O novo marco legal, criando o regime de outorga de ferrovias por autorização, abriu a possibilidade de simplificar e agilizar os processos de implantação de novos projetos de ferrovias. Nesse sentido, trata-se de uma inovação que precisa ser reconhecida e comemorada. No entanto, ele se limita às circunstâncias especiais em que é possível um retorno atrativo aos investimentos privados e não pode pretender ser o veículo principal para suprir o enorme déficit de infraestrutura ferroviária do Brasil, em especial nas regiões onde a ferrovia é um instrumento de alavancagem do potencial de crescimento da atividade produtiva, casos em que é fundamental a participação do Estado. Não podemos criar expectativas irreais em relação às possibilidades de a iniciativa privada suprir o País com a infraestrutura que precisa ser construída e modernizada. Se não forem exigidas garantias de execução às solicitações de autorização, já encaminhadas e muitas já aprovadas, corremos o risco de que, daqui alguns anos, elas não se realizem e apenas geremos um atraso maior na realização de investimentos fundamentais.
Além disso, é necessário avaliar os riscos que a outorga indiscriminada de autorizações pode representar para os usuários, pela instalação de um monopólio sem nenhuma regulação e eliminando mecanismos de defesa que foram construídos ao longo dos últimos anos, tais como: tarifas teto, garantia de atendimento adequado, compartilhamento de infraestrutura e defesa do usuário dependente. Além de apontar preocupações para os usuários, é preciso observar os desafios na visão do investidor. O caso da extensão da Rumo Malha Norte demonstra que apenas a autorização para construção não é suficiente, haja vista a dificuldade de licenciamento da obra em função do traçado ser adjacente a reservas indígenas. No caso do projeto da Ferrogrão, a questão são as Unidades de Conservação que podem manter o projeto em compasso de espera, como está hoje. É preciso estabelecer procedimentos que deem segurança ao investidor e minimizem riscos de judicialização ou denúncias pelo Ministério Público.

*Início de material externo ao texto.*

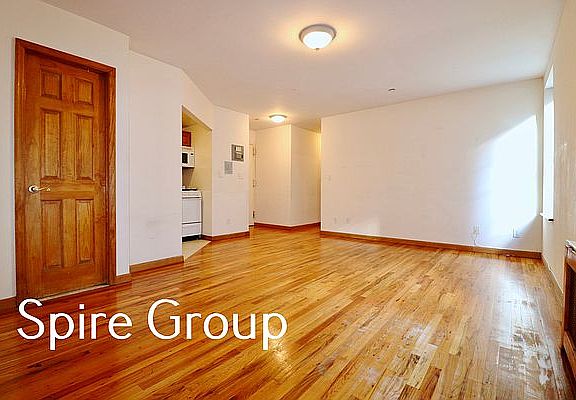 3rd image of 646 10th Ave APT 2C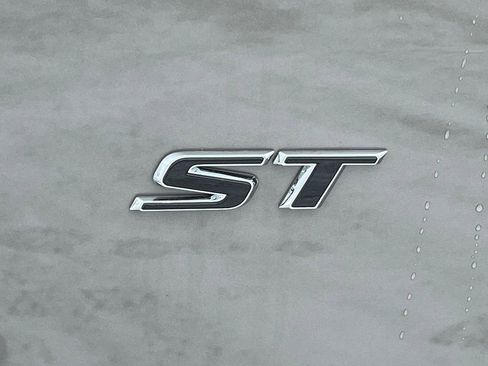 New 2026 Buick Enclave Sport Touring w/ Power Package image 2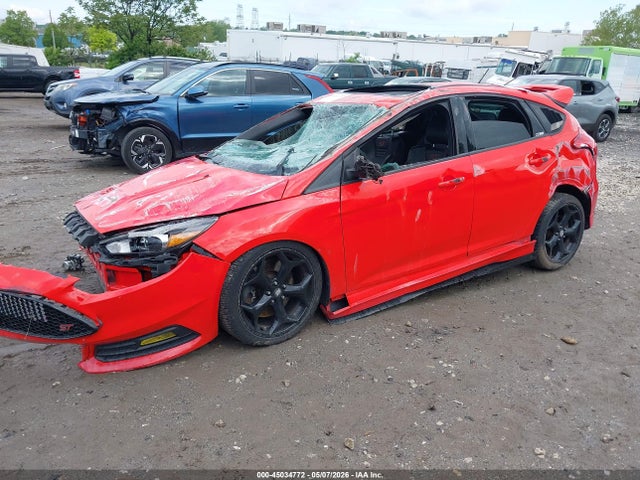 45034772 :رقم المزاد ، 1FADP3L9XFL339211 vin ، 2015 Ford Focus St مزاد بيع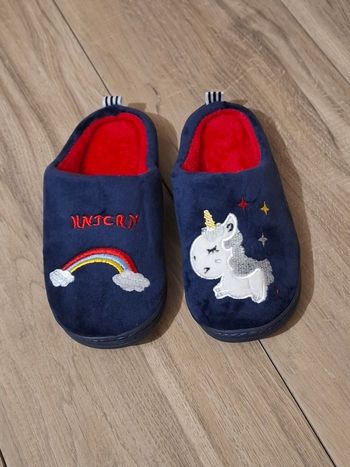 Chaussons pantoufles enfant Mixte Licorne bleu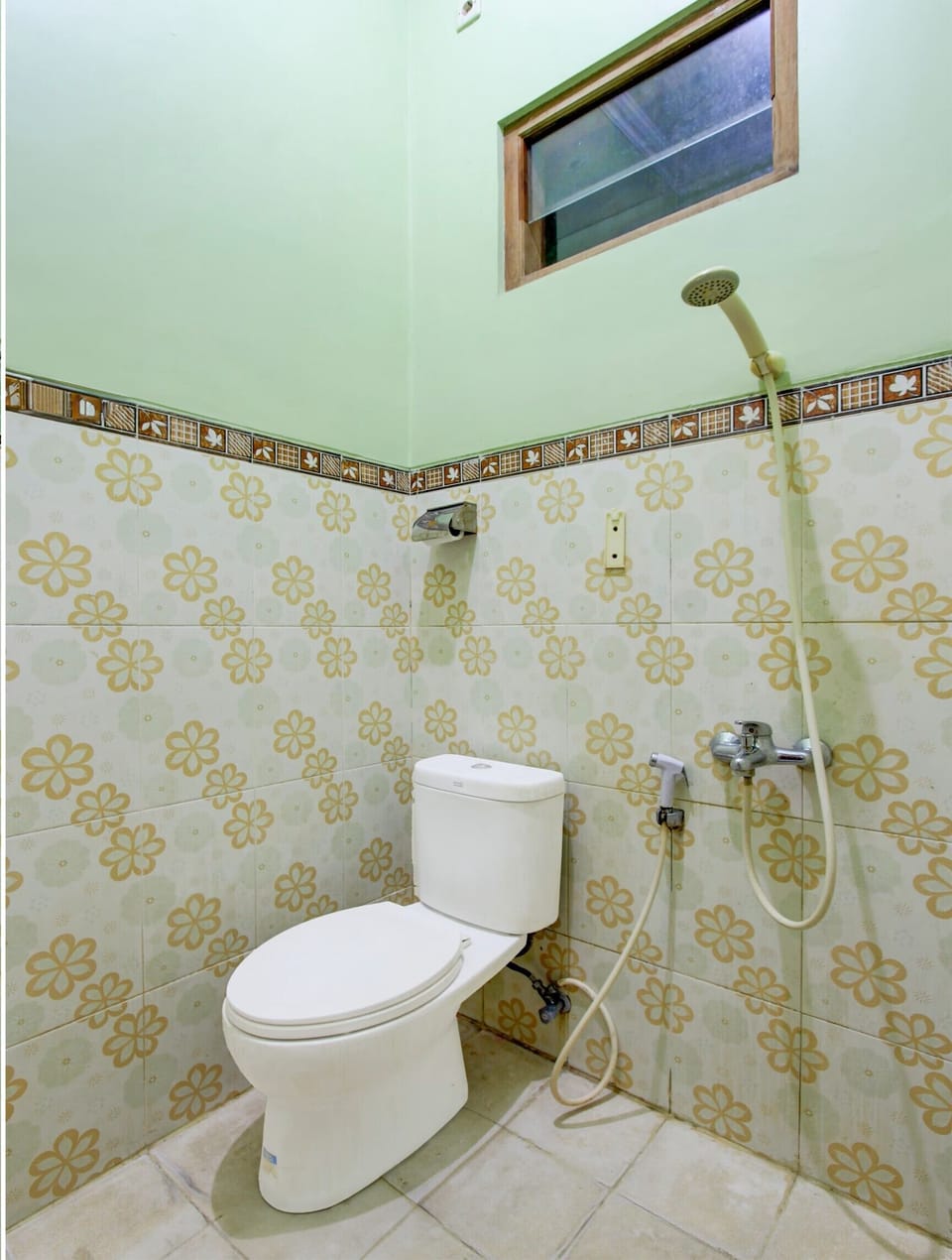 Shower, towels, soap, shampoo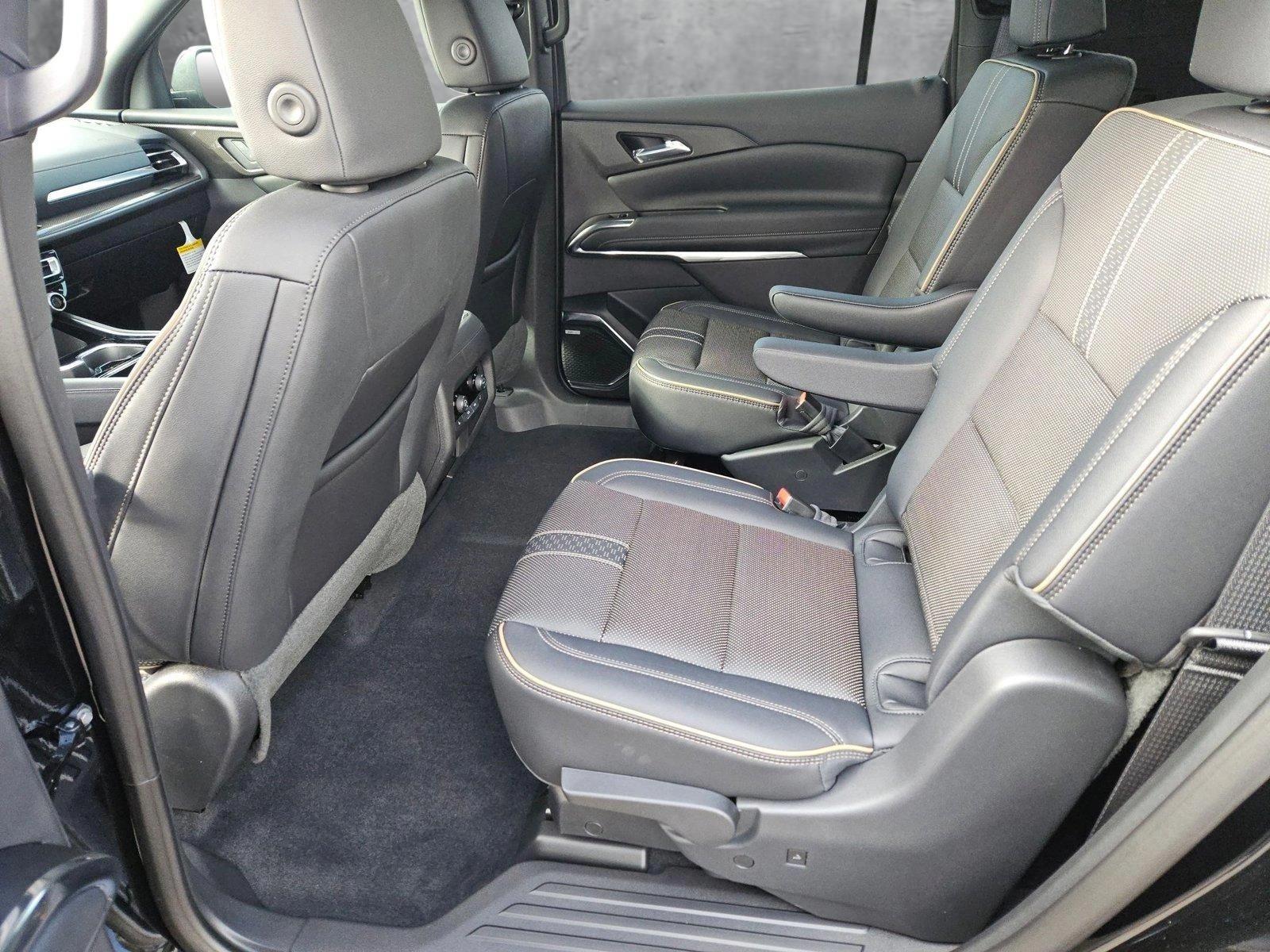 2025 Chevrolet Traverse Vehicle Photo in MESA, AZ 85206-4395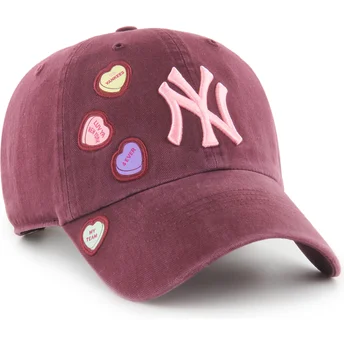 Cappellino curvo granata regolabile Clean Up Candy Heart dei New York Yankees MLB di 47 Brand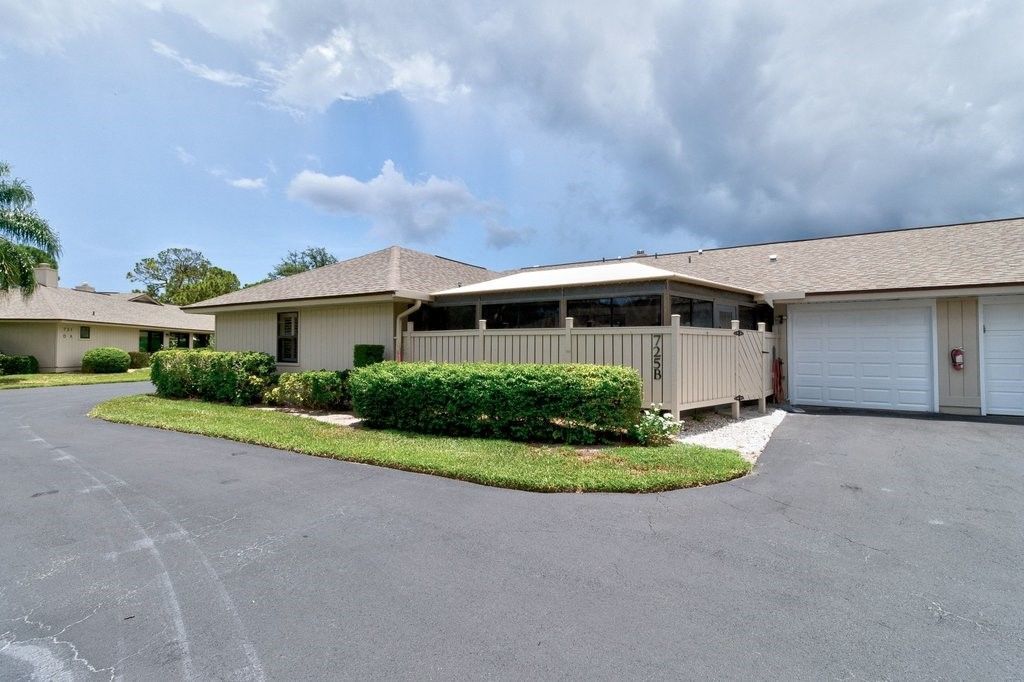 725 Timber Ridge Trail Sw, Unit B, Vero Beach, FL 32962 Photo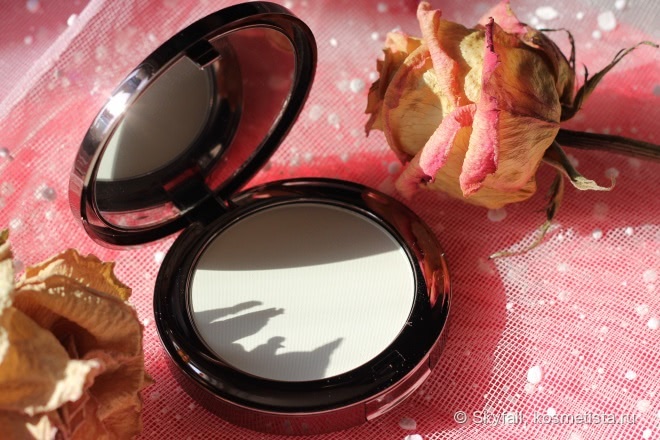 Компактная матирующая пудра Limoni Transparent matte powder
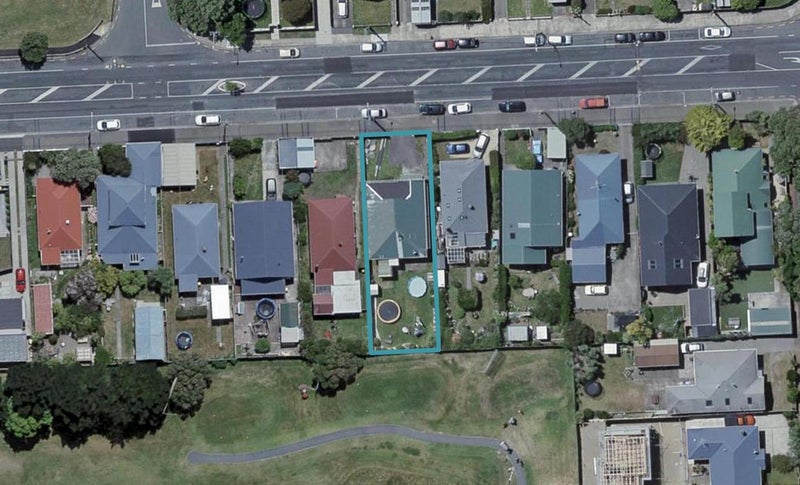 456 Broadway, Miramar, Wellington - Carousel 1
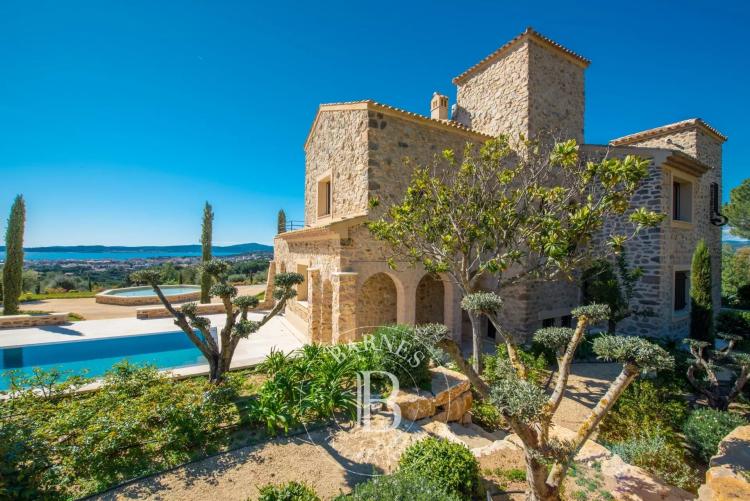 GOLFE DE SAINT-TROPEZ  - PROPRIÉTÉ UNIQUE - 2 PISCINES - 4.8 HECTARES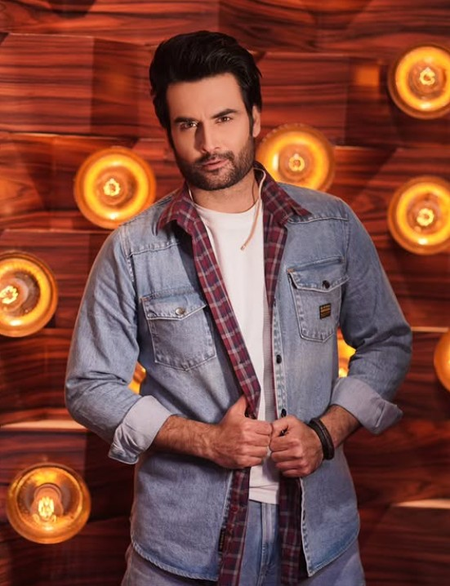 विवियन डीसेना ने छोड़ा 'लाफ्टर शेफ्स', फिक्शन शो की तैयारियों में जुटे अभिनेता विवियन डीसेना ने छोड़ा 'लाफ्टर शेफ्स', फिक्शन शो की तैयारियों में जुटे अभिनेता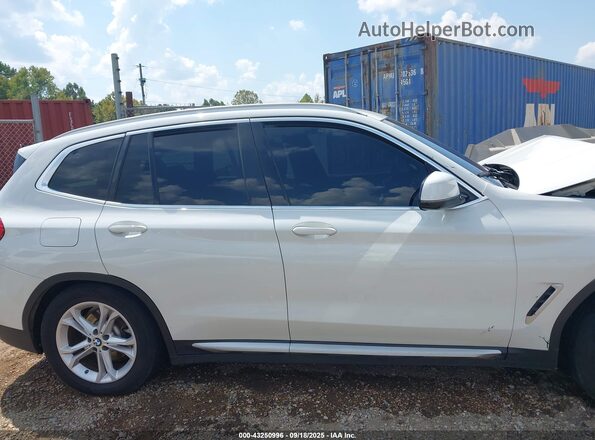 5UXTY3C04L9B70317 2020 BMW X3 White Widok wnętrza z tyłu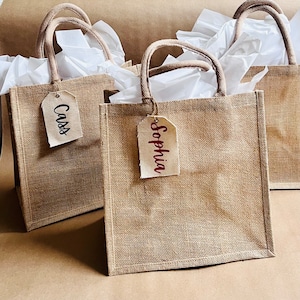Medium Burlap Tote Bag with Personalized Name Tag, reusable Gift Bag Beach tote Bag, Bridesmaid Tote Bag with Tag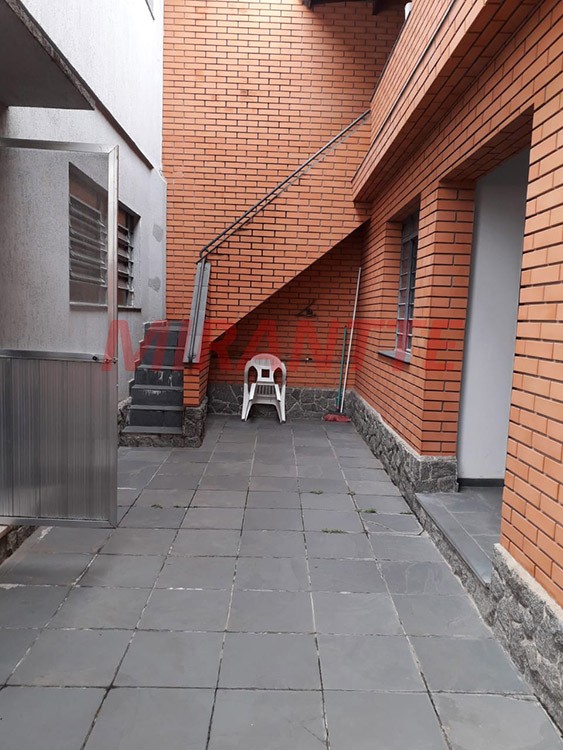 Sobrado de 230m² com 3 quartos em Imirim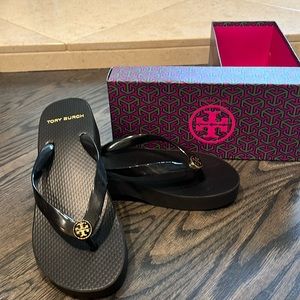 NWT Tory Burch flip flop size 6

Por mais que o tema seja complexo, devido a legislações nacionais e acordos internacionais assinados pelo Brasil, estes não foram estabelecidos para impedir o investimento, mas para que o investimento ocorra mitigando efeitos indesejados. A opção pela judicialização é sempre a pior porque impede o investimento de ocorrer e não viabiliza a entrada de capital do investidor nas regiões do entorno da construção e a adoção de medidas positivas para as populações afetadas por tais investimentos. A cadeia de suprimentos do agronegócio precisa de uma infraestrutura ferroviária com ampla cobertura do território nacional, interconectada e integrada, onde concessionários e operadores independentes compartilhem as ferrovias, criando um ambiente competitivo na prestação de serviços de transporte ferroviário. Assim, precisamos usar todas as ferramentas disponíveis: repactuações e renovações de concessões, autorizações e investimentos público-privados, priorizando os investimentos que geram impactos positivos na produção de grãos. Fonte: André Nassar. Associação Brasileira das Indústrias de Óleos Vegetais (Abiove). Broadcast Agro.